When hot air rises, cooler air rushes in to fill the empty space, thus creating wind at the surface. At height, the air goes from the warmer place to the cooler place. For example, near the coast on a hot, summer day, the inland air temperatures heat up more than the air over the sea and begin rising, the cooler air from the ocean rushes in to fill that space, creating an onshore flow (moving from west to east, away from the ocean) or “sea breeze.”
These typical wind patterns in San Diego generally mean calm winds in the morning while it is still somewhat cool outside. There will be a steady increase of onshore wind throughout the day as it heats up, returning to eventual calm in the evening . . . thus the term “evening glass-off.”
However, what we have had lately is a relentless convergence of high- and low-pressure systems. Simply put, way up in the atmosphere, above San Diego, we have a high-pressure system trying to fill in the space of a low-pressure system. Thinking in terms of a liquid, if you have an area of “high” water next to an area of “low” water, the deeper water will flow into the shallower water. This movement of air is wind. The greater the differences in pressure between the low and the high, the stronger the wind will blow.
In large part, this is due to the warm, moist air flowing in from the likes of Hurricane Dean and other tropical disturbances colliding with the cooler air flowing down from the north. This has increased the duration of wind over the past several days, causing it to blow continuously all day and throughout the night. Sustained winds will eventually cause upwelling, a literal rising up of colder water from the lower depths as the warmer surface water is blown away.

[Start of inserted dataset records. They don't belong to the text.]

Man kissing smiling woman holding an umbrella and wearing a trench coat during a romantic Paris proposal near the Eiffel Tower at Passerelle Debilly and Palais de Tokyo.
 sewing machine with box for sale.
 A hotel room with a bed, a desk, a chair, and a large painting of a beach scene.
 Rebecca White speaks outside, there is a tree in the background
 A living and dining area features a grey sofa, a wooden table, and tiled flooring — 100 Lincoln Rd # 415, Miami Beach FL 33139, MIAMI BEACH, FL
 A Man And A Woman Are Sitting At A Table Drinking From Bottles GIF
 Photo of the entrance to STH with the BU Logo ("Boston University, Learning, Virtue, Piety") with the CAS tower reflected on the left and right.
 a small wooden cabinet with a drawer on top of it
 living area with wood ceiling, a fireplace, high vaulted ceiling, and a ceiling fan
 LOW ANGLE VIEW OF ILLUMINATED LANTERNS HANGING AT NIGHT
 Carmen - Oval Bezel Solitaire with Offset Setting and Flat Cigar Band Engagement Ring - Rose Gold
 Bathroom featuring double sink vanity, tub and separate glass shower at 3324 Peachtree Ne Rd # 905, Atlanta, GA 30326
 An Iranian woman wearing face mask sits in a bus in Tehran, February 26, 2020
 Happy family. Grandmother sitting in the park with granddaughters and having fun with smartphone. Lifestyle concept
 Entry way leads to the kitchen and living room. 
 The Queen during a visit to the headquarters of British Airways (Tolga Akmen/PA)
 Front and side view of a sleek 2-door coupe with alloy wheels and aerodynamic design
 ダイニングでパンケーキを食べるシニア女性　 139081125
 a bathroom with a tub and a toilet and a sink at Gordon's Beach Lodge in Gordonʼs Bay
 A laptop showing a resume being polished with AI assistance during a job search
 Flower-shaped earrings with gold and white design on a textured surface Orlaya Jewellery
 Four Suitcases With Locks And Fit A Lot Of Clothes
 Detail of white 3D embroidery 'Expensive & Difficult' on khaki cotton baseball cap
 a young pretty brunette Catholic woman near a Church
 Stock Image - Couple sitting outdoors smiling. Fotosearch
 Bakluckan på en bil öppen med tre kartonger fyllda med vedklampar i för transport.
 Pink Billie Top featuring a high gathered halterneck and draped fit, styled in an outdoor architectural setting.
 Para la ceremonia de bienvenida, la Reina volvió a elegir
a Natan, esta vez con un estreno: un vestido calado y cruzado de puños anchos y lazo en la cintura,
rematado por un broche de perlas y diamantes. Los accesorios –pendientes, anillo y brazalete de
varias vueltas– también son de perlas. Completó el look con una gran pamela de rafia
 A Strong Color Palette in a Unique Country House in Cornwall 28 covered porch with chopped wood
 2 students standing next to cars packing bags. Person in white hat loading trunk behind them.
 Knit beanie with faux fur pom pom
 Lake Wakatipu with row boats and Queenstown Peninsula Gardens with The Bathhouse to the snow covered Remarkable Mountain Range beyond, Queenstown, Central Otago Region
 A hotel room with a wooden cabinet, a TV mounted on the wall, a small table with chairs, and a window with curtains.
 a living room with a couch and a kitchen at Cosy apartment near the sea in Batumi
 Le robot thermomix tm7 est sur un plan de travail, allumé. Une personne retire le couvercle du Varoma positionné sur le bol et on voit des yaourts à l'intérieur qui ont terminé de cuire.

Swells can also cause a temporary drop in water temperature. A large, powerful swell can, and often will, move and displace large amounts of water, both on the surface and underneath. This creates a mixture of warm and cold water, causing a noticeable dip in the ocean’s temperature.
Before you go cursing at the wind however, think again. While we’ve enjoyed exceptionally warm water for an abnormally long period of time this summer in San Diego, we haven’t had much in terms of quality swells either. Wind is also the primary generator of waves. And obviously, there hasn’t been enough in the North or South Pacific. As the wind blows over the surface of the ocean, small ripples are created. If the wind continues to blow, these ripples will eventually be transformed into bands of waves, essentially transferred energy from air to water, wind into waves. Surfable waves generally require three elements of wind working together; velocity (speed), duration (sustained time) and fetch (distance). What we surfers prefer is that these winds occur in faraway places like Alaska and New Zealand!
But not all local winds are bad. If it weren’t for the local, short-interval windswells, we would have had nothing to surf on for most of this summer. Generally weaker and of poorer quality than their long-interval, groundswell counterparts, the windswell nonetheless has been our savior this summer.
And then there are the local, offshore breezes (winds blowing from the east to the west). These winds have the ability to turn an otherwise dumping beachbreak into a ripping, hollow-wave tube fest. Some waves, both here and abroad, rely heavily on offshore winds to give them their shape, quality and length of ride.
And not unlike the yen and yang of wind, cold water also has some advantages; besides thinning out the line-up, it helps our outer water kelp beds grow strong and healthy, protecting us from the dregs of a typical onshore flow. The kelp beds act like a giant sieve through which wind-affected waves pass, coming through thoroughly groomed and glassy… and thus the circuitous relationship between wind, water and wave is complete.